Washington: As a follow up to President Barack Obama’s November visit to India, the US is mulling over encouraging its economic and defence partnership with India, according to a senior administration official.

Principal Deputy Assistant Secretary for South Asia, Geoffrey Pyatt said on Friday that the United States wants to make the most of the opportunities offered by the 'notable results of the President's trip', in the weeks and months to come.

He was speaking on 'The Regional and Global Impact of the US-India Strategic Partnership’ at the Emerging India Summit at Emory University in Atlanta.

'The challenge now before us is to define an agenda for both governments that capitalizes on what we have achieved and meets the ambitious vision agreed by' Obama and Prime Minister Manmohan Singh, he said.
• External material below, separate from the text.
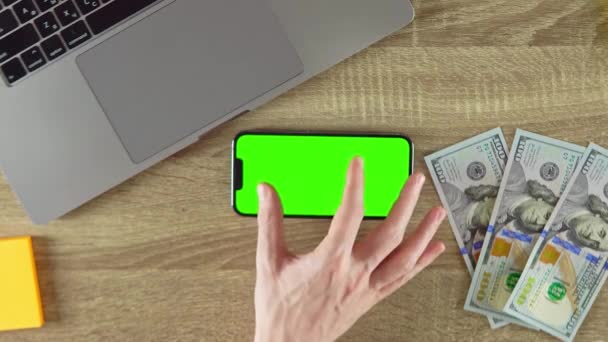 The man is zooming in the phone green screen mockup in horizontal position. 100 dollar banknotes on the table. - Video, Çekim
Describing defence cooperation as 'a critical cornerstone of the bilateral relationship' Pyatt said that with India expected to spend nearly $45 billion on military modernisation over the next five years, the US welcomed opportunities to offer India superior technology.
He noted two American aircraft, the F/A 18 Super Hornet and F-16IN Viper, are among the contenders in the competition to provide Indian Air Force 126 frontline Medium Multi Role Combat Aircraft, or MMRCA.

'The US proposals will dramatically enhance India's own aerospace industrial base and defence capabilities and demonstrate our commitment to share with India cutting edge technologies - including the only operationally-mature AESA radar,' Pyatt suggested.

The US was also actively working to elevate its government-to-government economic partnership with India to be commensurate with their robust global strategic partnership.

'US-India economic cooperation has been a driver of our transformed bilateral relationship, and in many ways is the decisive factor behind India's changing place in the international system,' he said.